Between 1925 and 1937 Oswald T. Avery of the Rockefeller Institute, together with Michael Heidelberger and Walther F. Goebel, demonstrated that pure polysaccharides can carry specific immunological messages as antigens: substances that stimulate the production of an antibody specific to themselves.

It is well established that carbohydrates are ideally suited for the formation of specificity determinants that can be recognized by complementary structures, which presumably are carbohydrate- binding proteins, on other cells or molecules. An impressive variety of regulatory processes including cell growth and apoptosis, folding and routing of glycoproteins and cell adhesion/migration have been unraveled and found to be mediated or modulated by specific protein (lectin)-carbohydrate interactions. Currently, the potential for medical applications in anti-adhesion therapy or drug targeting is one of the major driving forces fuelling progress in glycosciences.

The first indication that sugars serve as specificity determinants came from the discovery in 1941 by George K. Hirst in New York and by Ronald Hare in Toronto that the influenza virus caused red blood cells to agglutinate, or clump. The molecular basis of this phenomenon was for a time obscure. Mainly as a result of the efforts of Alhed Gottschalk in Australia it was shown that the influenza virus binds to the red blood cell through sialic acid units on the cell surface. If the sialic acid is removed from the cell surface by the enzyme neuraminidase, the influenza virus will no longer bind to the cell.

The role of carbohydrates in recognition has been best demonstrated in the control of the lifetime of glycoproteins in the circulatory system and their uptake into the liver- and of the uptake of lysosomal enzymes by cells. As often happens, these exciting discoveries originated with an unexpected observation, this one made in 1966 by G. Gilbert Ashwell of the National Institute of Arthritis, Metabolism, and Digestive Diseases and by Anatol G. Morell of the Albert Einstein College of Medicine in the course of an effort to understand the biological role of ceruloplasmin, a copper-transport protein found in the blood serum of man and other animals. When Ashwell and Morell removed sialic acid from rabbit ceruloplasmin and reinjected the modified ceruloplasmin into the animals, it almost completely disappeared from the circulatory system within 15 minutes. This was in striking contrast to the native glycoprotein, almost all of which remained in circulation after the same length of time.

Galactose hence serves as a recognition marker that determines the survival time of many serum glycoproteins in the circulatory system of man, the rabbit and the mouse. In bird and reptile species the recognition marker appears to be primarily acetylglucosamine.
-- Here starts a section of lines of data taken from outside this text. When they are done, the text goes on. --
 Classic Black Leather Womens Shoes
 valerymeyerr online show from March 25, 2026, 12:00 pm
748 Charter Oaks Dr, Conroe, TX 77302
Clearance systems in which fucose and mannose are the markers have also been found.

A particularly interesting marker is mannose-6-phosphate, a sugar derivative that has recently been shown to act mainly in directing the intracellular traffic of glycoprotein enzymes normally present in lysosomes. This finding had its origins in Neufeld's discovery that the enzyme deficiencies in cells from patients afflicted by mucopolysaccharidoses such as Hurler's and Hunter's syndromes can be corrected by providing the cells with the missing enzymes. In 1974 she showed further that uptake into the cells depended on the presence in the enzymes of a carbohydrate -recognition marker. In 1977 William S. Sly of the Washington University School of Medicine and Arnold Kaplan of the Saint Louis University School of Medicine identified the recognition marker as a phosphorylated sugar unit: mannose-6-phosphate. The function of the marker is apparently to prevent the secretion of the enzymes from the cells and to direct them into the lysosomes. When the enzymes are supplied from the outside, it is this recognition signal that promotes their binding to the cell surface; without binding they cannot enter the cells and reach the lysosomes.
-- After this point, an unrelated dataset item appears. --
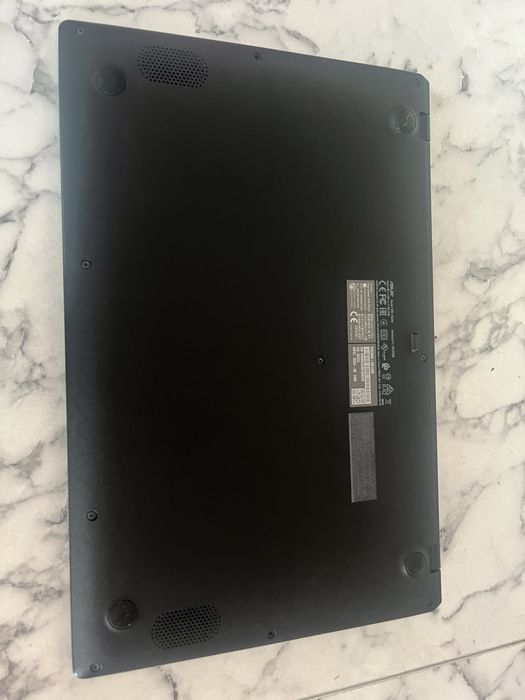 Laptop Asus VivoBook E510MAB+accesorii de gaming
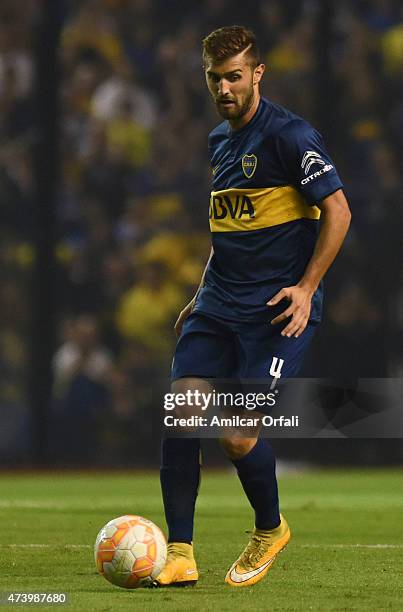 Gino Peruzzi of Boca Juniors drives the ball during a second leg match between Boca Juniors and River Plate as part of round of sixteen of Copa...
By the covalent (electron- sharing) attachment of carbohydrates to proteins or by a modification of the sugars in glycoproteins it may thereby be possible to control the proteins' lifetime in the circulation and to direct them to the liver and perhaps also to other organs, as well as into lysosomes. Such techniques will have far-reaching uses for enzyme replacement therapy in cases of genetic disease and also for delivering drugs accurately into target organs and cells.

Discussion

The first proof that sugars could serve as specificity determinants came from the discovery that influenza virus could agglutinate red cells only In the presence of the membrane bound sialic acids. It these were removed, the virus no longer binds to the cell. Removal of sialic acid exposes the terminal underlying galactose unit and results in the rapid clearance of the treated cells from the bloodstream. Sugars on cell surfaces also seem to determine the distribution of the circulating cells within the body. Radioactively treated rat lymphocytes will migrate to the spleen when re-injected into the animal.
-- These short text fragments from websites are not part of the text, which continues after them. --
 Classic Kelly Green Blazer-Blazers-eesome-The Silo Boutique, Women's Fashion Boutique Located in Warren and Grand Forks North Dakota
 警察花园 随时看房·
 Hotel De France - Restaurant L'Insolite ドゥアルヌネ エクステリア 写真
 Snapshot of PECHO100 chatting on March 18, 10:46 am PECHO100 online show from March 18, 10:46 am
However if the sugar fucose is removed from the surface of the cells before reintroduction, the cells migrated to the liver instead, as if "the fucose served as a ZIP code- directing the calls where to go." It was not until 1953 that Morgan and Watkins demonstrated that the specificity of the ABO blood group-system was determined by sugars. For example, the difference between blood types A and B lies in a simple sugar unit that sticks out from the end of a carbohydrate chain of a glycoprotein or glycolipid. In blood A the determinant is N-acetylgalactosamine and in group B it is galactose.

Several toxins of bacteria and plants are known to recognize carbohydrate structures present in various classes of cell surface molecules.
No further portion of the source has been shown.